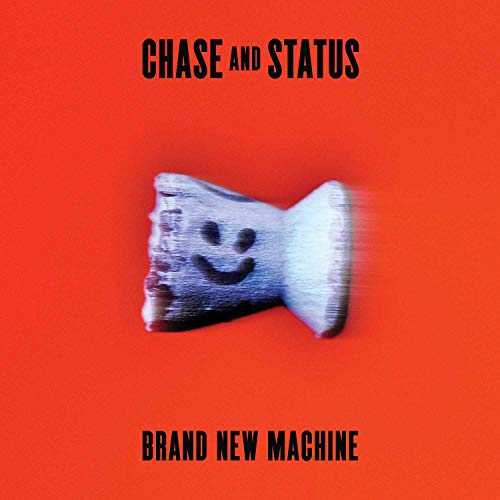 CD Chase & Status - Brand New Machine (1 CDs) MERCURY - Cds de música - cd, chase & status, brand new machine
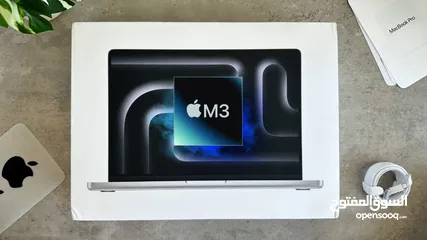  9 Macbook pRO 14.2" M3 pro 18GB / 512 Gb/ماك بوك برو 14.2" M3Pro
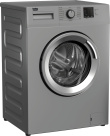 BEKO Washing machine WUE6511SS, 6 kg, 1000 rpm, Energy class D, Depth 44 cm, Inverter motor, Grey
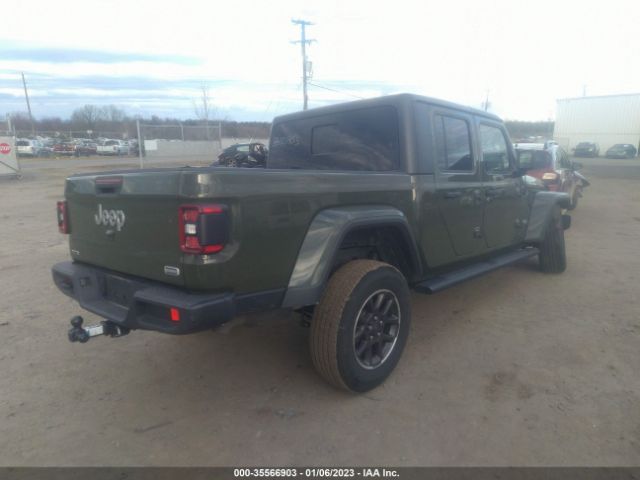 1C6JJTFMXML586506 Jeep Gladiator Overland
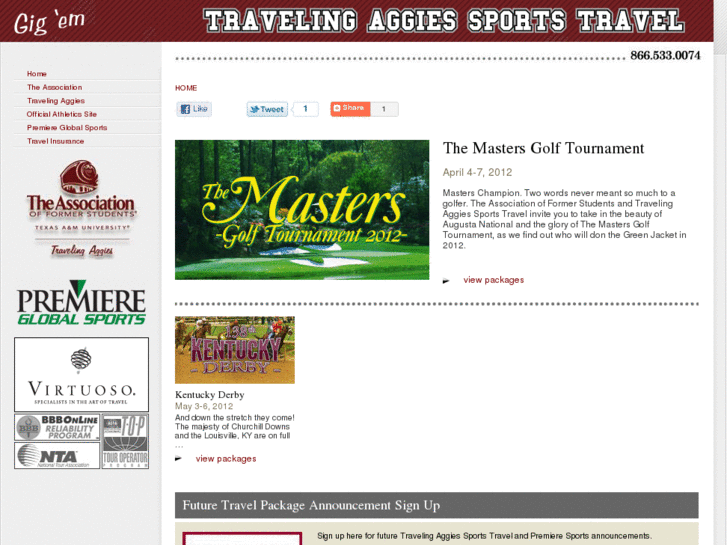 www.aggiessportstravel.com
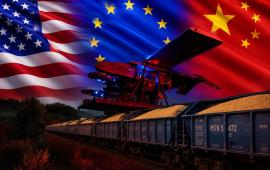 Украина торгует в основном со странами Евросоюза, США и Китаем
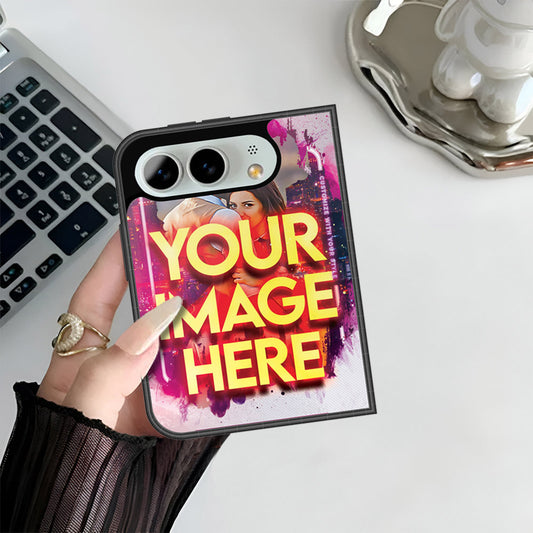 iPhone Fold Cover - Customized Case Series - Upload Your Photo - Multiple Case Types Available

• What you are asked to do:
Reproduce each record from above exactly; pictures do not belong in the copy.

• Output of the exercise:
 CD Chase & Status - Brand New Machine (1 CDs) MERCURY - Cds de música - cd, chase & status, brand new machine
  9 Macbook pRO 14.2" M3 pro 18GB / 512 Gb/ماك بوك برو 14.2" M3Pro
 BEKO Washing machine WUE6511SS, 6 kg, 1000 rpm, Energy class D, Depth 44 cm, Inverter motor, Grey
 1C6JJTFMXML586506 Jeep Gladiator Overland
 www.aggiessportstravel.com
 Украина торгует в основном со странами Евросоюза, США и Китаем
 iPhone Fold Cover - Customized Case Series - Upload Your Photo - Multiple Case Types Available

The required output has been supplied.